За кадром в романе вообще происходит много важных вещей. Этот прием автор использует уверенно и умело. Основная любовная линия довольно долго развивается именно так. Герой не видит свою возлюбленную. Они общаются через ширму. Хороший сказочный ход, как в тех историях, где принцесса заперта в башне или в туловище тролля, и все, чем довольствуется пылкий рыцарь, — лишь ангельский голос. По поводу внешности герой и читатель на протяжении десятков страниц теряются в догадках, отчего интерес, естественно, возрастает. Эти страницы заполнены сообщением о том, как сильно волнуется герой. Больше там, кажется, ничего нет. Но автор честно предупреждал на старте о непримечательности своего героя, поэтому спокойно читаем. 

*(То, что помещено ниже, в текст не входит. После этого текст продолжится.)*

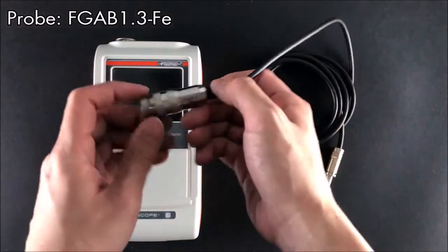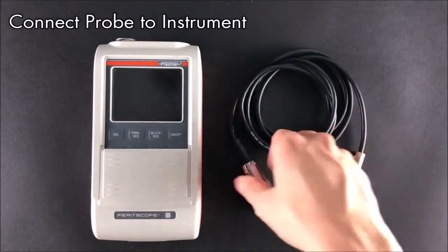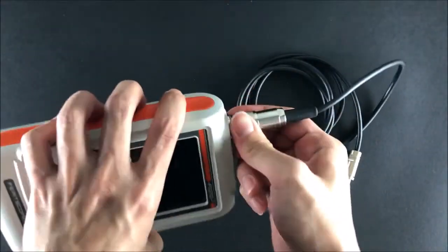First, connect a probe. The FGA B1.3 FE is capable of measuring both delta ferrite content and alpha martensite content in steel substrates on flat and curved areas.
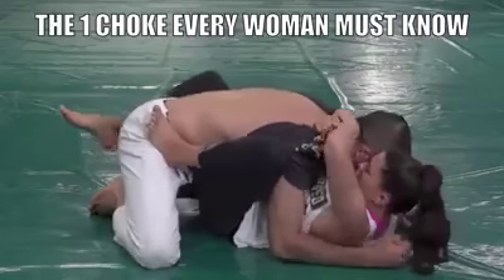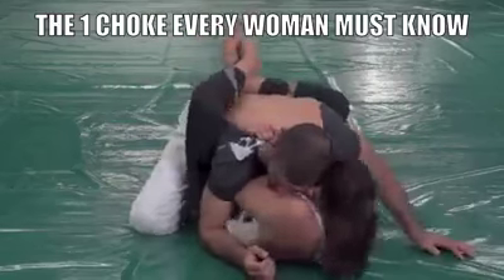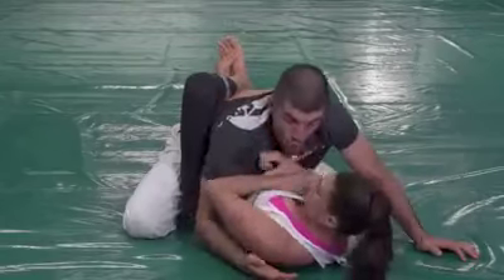Now I can put my foot on the hip and create distance — just enough to get my arm around his head, keeping my head close so that he can't punch me — and now pull with the shoulder blade.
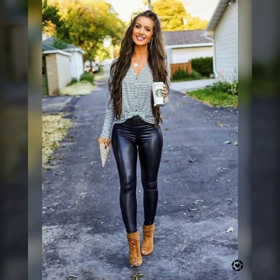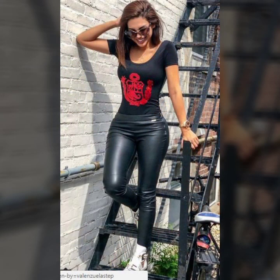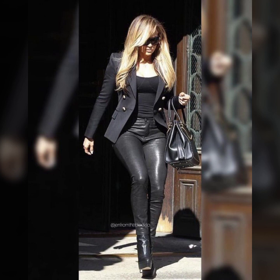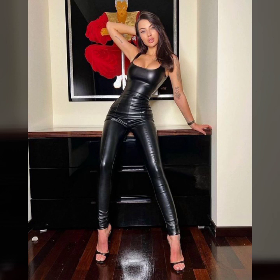Hello everyone, welcome back to my YouTube channel Latex House Fashion. I hope you're fine and doing well, with good health and happiness. This is me, Asya, and today I'll show you in this video how I start with the latest collection of leather leggings for girls and women. Many different ideas of stitching, beautiful designing, different types of leather — latest and trendy. I hope you like it.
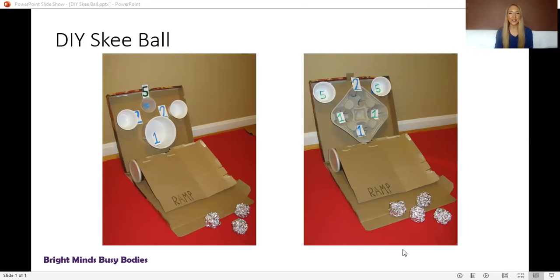I encourage you to take a try in making your own DIY skee-ball and let me know how much fun you had making this activity and playing DIY skee-ball.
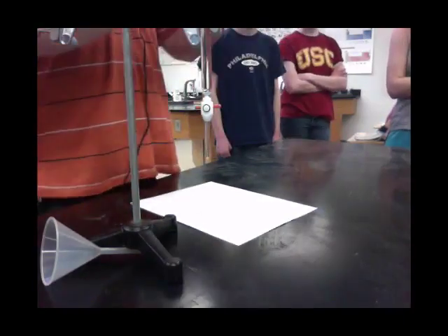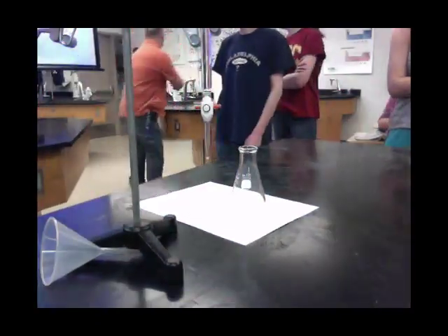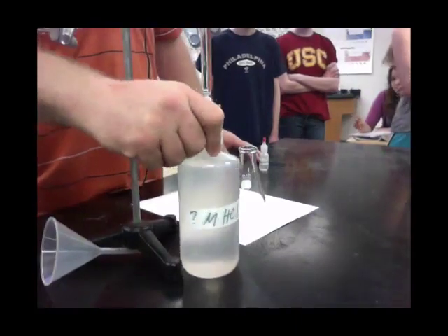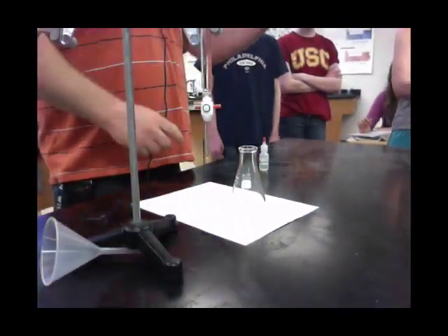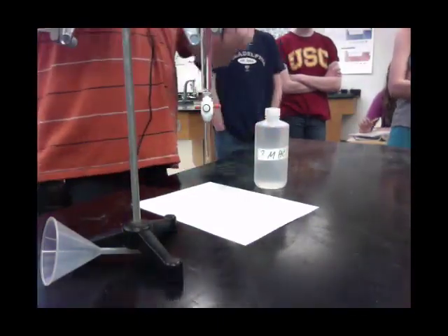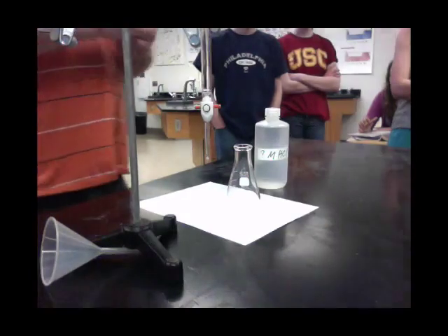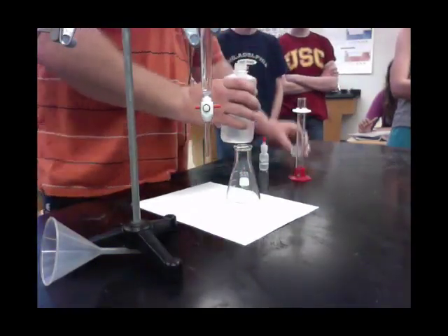Our unknown is some sort of hydrochloric acid. We have an unknown hydrochloric acid solution and we don't know what the concentration is. We're going to put as much as we need — in this case, 25 milliliters — which is convenient because we have a nice 25 milliliter graduated cylinder. So 25 milliliters goes in here.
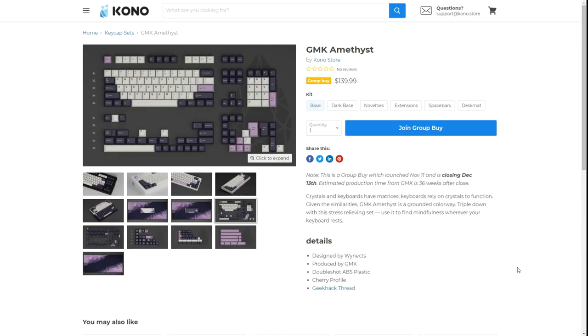Welcome back everyone. Today we're going to take a look at some keyboard and keycap group buys. But before we do, as per usual at the beginning of every video, I'd like to shout out our Discord. If you're into this type of content, I do post more info on group buys, interest checks, and everything keyboards on our Discord.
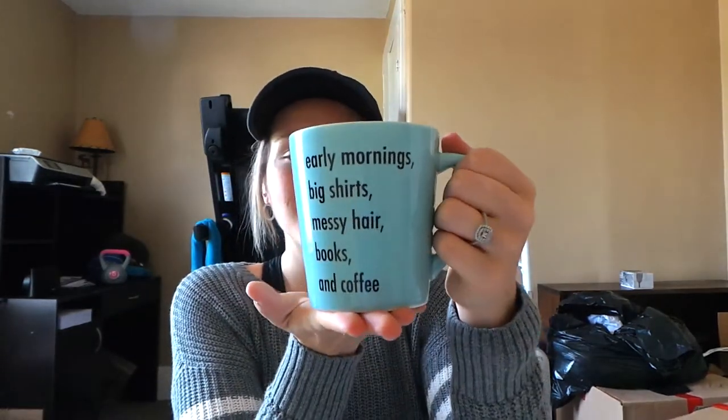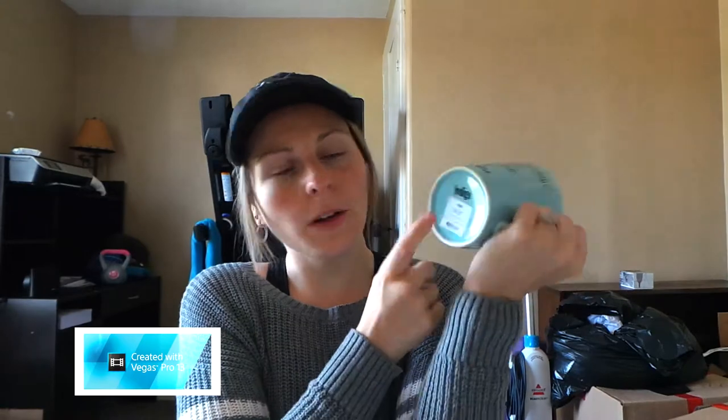This next thing is random — it's not really school supplies, but I got it when I went school supplies shopping at Kohl's. It's a mug. I saw it and I had to get it. It says 'early mornings, big shirts, messy hair, books and coffee' — it's me. I'm mug-obsessed and I have way too many mugs, so I haven't decided if I'm going to use it as a mug or put pens in it on my desk. It was $12 at Kohl's, and it's blue to match my stuff.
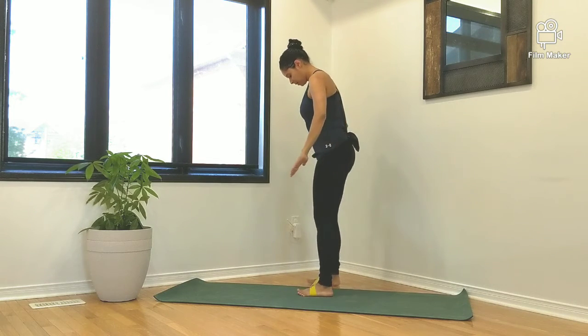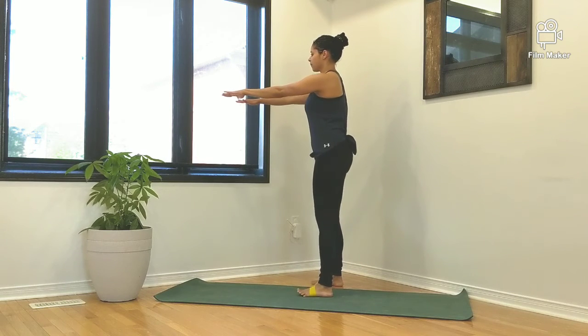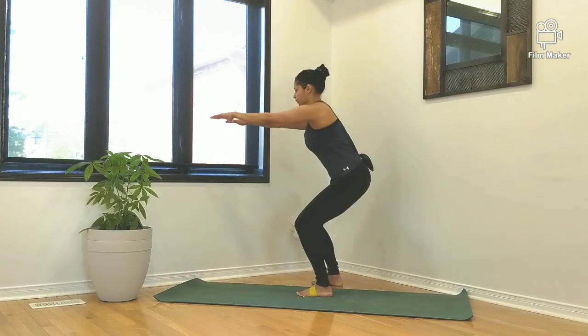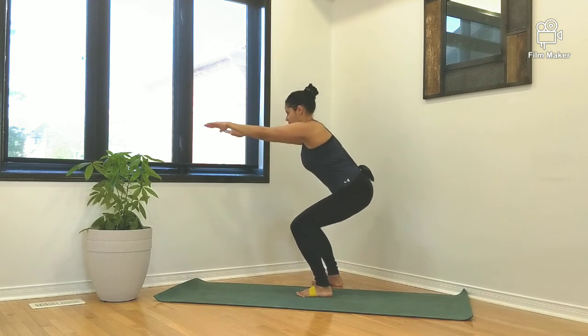When at the bottom of your squat, try to keep the knees in alignment with your second and third toe. Continue to push out on the band with both feet simultaneously throughout the entire squat.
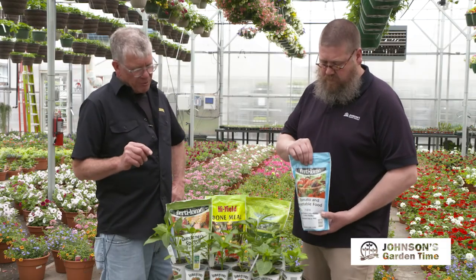As far as peppers, are there some that you like? There are a lot of traditional ones — jalapeño — but there are a lot of new ones that I think are very interesting.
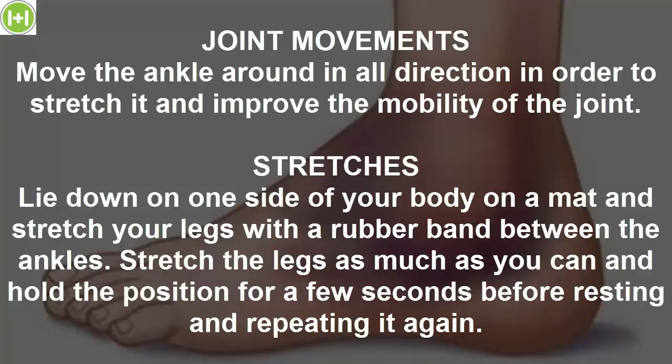Stretches. Lie down on one side of your body on a mat and stretch your legs with a rubber band between the ankles. Stretch the legs as much as you can and hold the position for a few seconds before resting and repeating it again.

Сказочный мир, в котором герой однажды попадает даже в заколдованный лес, отсылает нас к основному приему фильма «Жизнь прекрасна». Там тоже война как бы не происходит. Однако с эпохой авторы того фильма работают более детерминированно. Алгоритм их взаимодействия с темой позволяет зрителю сразу понять, что происходит, какая это война, кто враги и так далее. Решив этот вопрос, Роберто Бениньи может на него уже не отвлекаться и позволить себе работу над основной задачей. В книге «Дети мои» читатель, напротив, должен быть очень внимателен. Один раз упоминается факт объединения Германии в империю, и один раз мельком говорится о мировой войне. Больше никаких маркеров эпохи в романе нет. Действие очень медленно разворачивается в пространстве, вырванном из исторических, политических и всех остальных контекстов. Оно происходит нигде и никогда. Известия о том, что, видимо, началась Гражданская война, доходят до нас как сквозь вату.

 Ощущение складывается такое, будто ты заболел, уши у тебя заложило, по телу жар, а тебе что-то говорят, говорят, но, кроме негромкого, временами приятного «бу-бу-бу», разобрать почти ничего невозможно. Впрочем, с притчей, наверное, так и должно быть.

Торжественный лад, избранный автором с самого начала, совершенно логично приводит к тому, что люди здесь не удивляются, а «приходят в недоумение». И не по какой-то там причине, а «потому как склонны были видеть» некую возможность недоумевать. В сочетании с фамилией Бах этот высокий стиль автоматически переводит весь текст в режим фуги. У притчи действительно есть что-то общее со звучанием органа, и автор смело использует возвышенную тональность для создания необычного эффекта. 

Там, где читатель ждет простого сообщения о бесконфликтном характере героя, ему вещают: «Бах предпочитал не спорить: всякое выражение несогласия причиняло ему душевную боль». Любопытно, как в этом приеме на семантическом уровне не совпадают смысловые посылы с избранной стилистикой. Нам говорится, что этот Бах был человек совершенно незначительный, но, описывая его голос, автор выбирает окраску классической книжности: «Голос Бах имел тихий». Глагол «иметь», функционирующий в данном контексте как единица книжной лексики, которая призвана подчеркивать значительность описываемых предметов и событий, стоит в очевидной оппозиции к заявленной непримечательности героя. Неожиданный авторский ход с нарушением гармонии приводит к явному диссонансу между стилем и содержанием, и от этого текст обретает черты неожиданного и смелого новаторства.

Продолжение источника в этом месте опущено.